An EE buddy at work gave me some left over Alpha tubular braided cable. It is multi strand (estimated 200) copper tubular braid at about 1/4 inch diameter and has what appears to be tin plating on each of the individual copper strands. ( it could be silver but the wire ID had a T/C designation so I figured it was tin over copper). Just for grins i put a few lengths of it into some 3/8 ID pvc tubing so there was esentially no insulation exept for air, cobbled up a couple of terminator pins and dropped them in the system. I was expecting crap but what I got was a darn fine sounding speaker cable not too far away in quality from my usual cable which for some reason I am always trying to replace which is Bedrock. Gave them a very hard listening and and it had all the good attributes like detail, and instrument separation. Finally they were just a micro tad more pronounced in the midrange so it was back to the bedrock but not without some soul searching. If anyone else has experimented with this type of cable or has braided cable in their system I would like to know if they had a strong preferene with this type of cable geometry over say solid wire. Adios, and still havin fun.

jneutron
03-03-2006, 11:01 AM
1. Run one length of the braid OVER the tubing. At one end, twist the braid past the end of the tube, clamp it. Work the braid towards the free end, making it very tight over the tubing. Once done, fix the second end the same way as the first.

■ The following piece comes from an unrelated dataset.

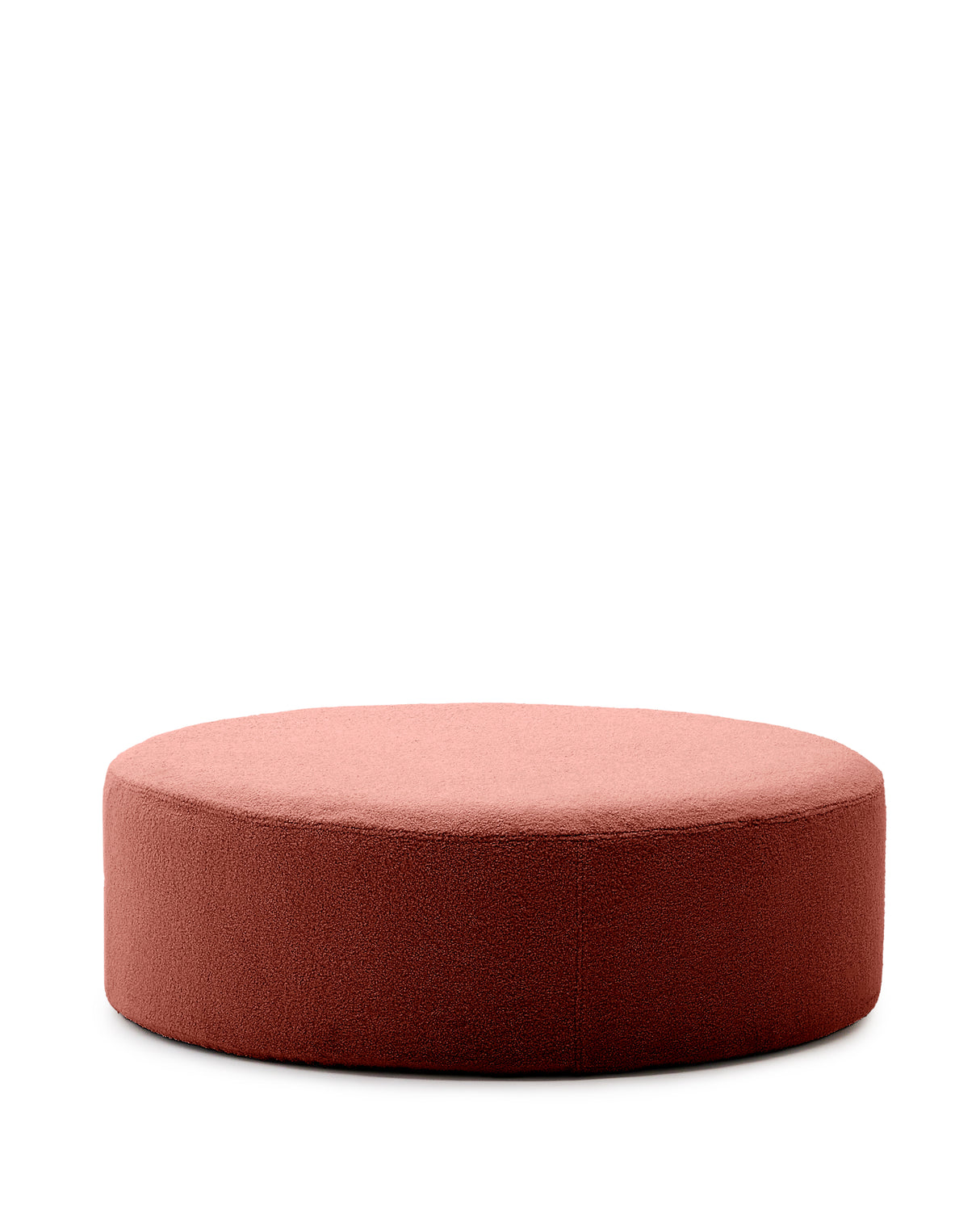 Fußhocker Kaeli mit abnehmbarem Bezug in terrakottafarbenem Bouclé Ø 120 cm - ZEN ZONE Furniture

2. Take teflon tape, spiral wrap it over the braid, 50% overlap. This results in two layers of teflon. Repeat this, giving a total of four layers.

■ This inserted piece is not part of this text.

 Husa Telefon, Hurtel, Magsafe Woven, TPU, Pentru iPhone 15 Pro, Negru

3. Put the second layer of braid over the teflon. Make it tight, like the first.

4. Use black tape, wrap the entire length. A little overlap is sufficient, this layer is only to keep compression on the structure.

5. Once complete, you can take the ends a part and fish out the two conductors.

What you have made is a coaxial cable, with extermely low inductance through the audio band, up to a Mhz. It will have a characteristic impedance close to 10 ohms, L will be about 10 nH per foot, C will be about 280 to 300 pf per foot. It will have minimal lagging energy storage.

It is very difficult to make a cable with better characteristics. Not impossible, but very very difficult..

If you try this, you of course must post your results.

Cheers, John

daviethek
03-04-2006, 03:28 PM
Just got back from vacation and saw your post. Sounds like you have some experience with this type of cable. I'm going to follow your recipe since I have all the materials and actually.... why the hell not. Its nice to finally cobble up something myself that sounds lilke a worthwhile addition to my system . Your PTFE double wrap recipe may take it over the top. Thanks for your input and I'll report back when I get it done. Its no. 6 on my to-do list , my wife has the first five items. regards, dk.

jneutron
03-07-2006, 06:49 AM
Its no. 6 on my to-do list , my wife has the first five items. regards, dk.

Wow, you have a short honeydo list..only 5 items?? You're almost home!!

Good luck

Cheers, John

Resident Loser
03-07-2006, 07:58 AM
...wasn't that Mike Oldfield's music for "The Exorcist"?